Which I was. As she examined the foliage and flowers on either side of the front entrance, I found myself regarding her. She was quite easy to look at, her coloring pale and soft and falling in a certain range, her light hair and her light skin and the milky, faded color of her eyes. While moving steadily through my plants, inspecting, commenting, she described her own garden and the troubles she was having with caterpillars and leaf-eating beetles, wishing aloud that her plants were as vigorous, and I suddenly realized I was trailing quite closely behind her, as if drawn in by the air of her wake. It wasn’t so much that I found her so pretty or attractive, which I would often come to hear about her from acquaintances like Renny Banerjee or the fellows at Murasan’s, for at the time I didn’t fully know how to look at a Western woman and immediately appreciate what should be beautiful and prized.
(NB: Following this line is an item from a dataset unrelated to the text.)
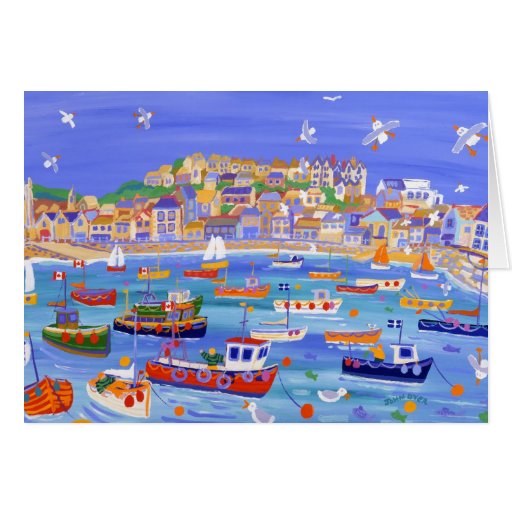 Image of Art Card: Boats in the Harbour, St Ives Cornwall
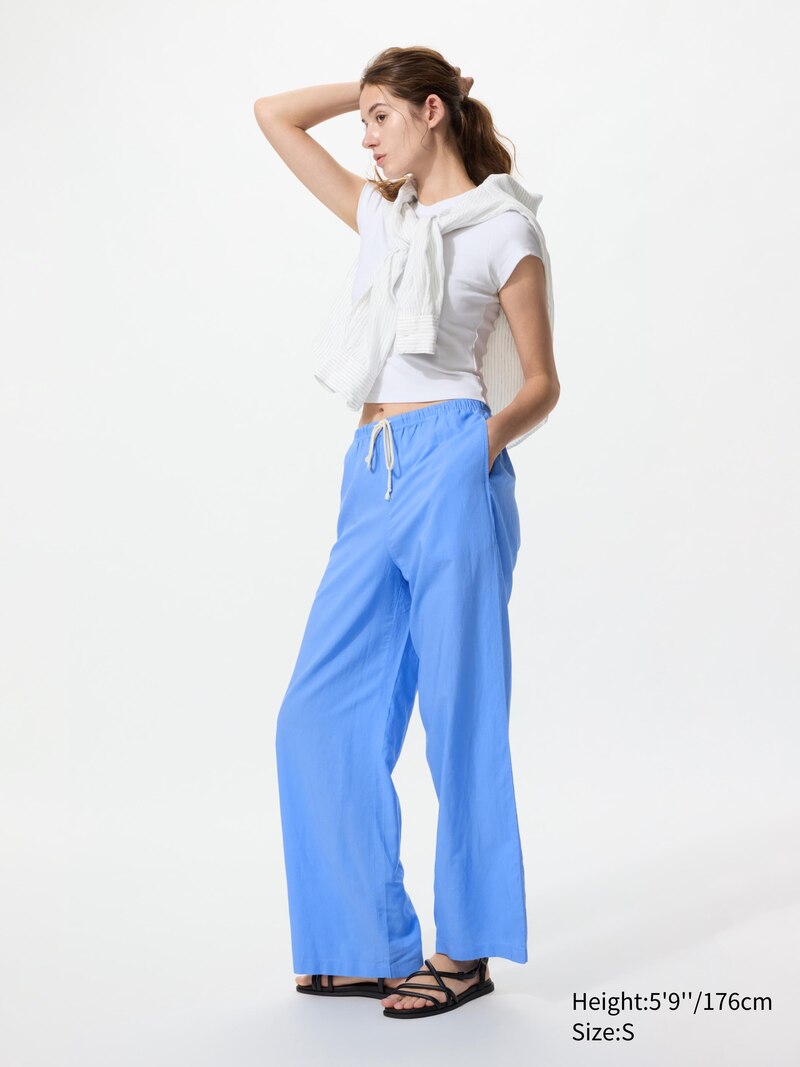 Льняные брюки свободного кроя (длинные)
They all seemed generally tall, and with narrow faces, sharp and high about the nose, which seemed to lead them all about. I know that I had my own conceptions of female comeliness, those naturally developed in the years of my young manhood. But ever since my decision to leave Japan for good, I hadn’t wished to think at length about women and intimate relations and companionship, for I knew there would be myriad difficulties ahead of me, in setting up my small bit of commerce, and other things in life. This may sound like an excuse, and perhaps even a little sad, but it’s hard for others to know how consuming one’s arrival in a new land can be, how it will take up every last resource of spirit, which too often can lead to the detriment of most everything else.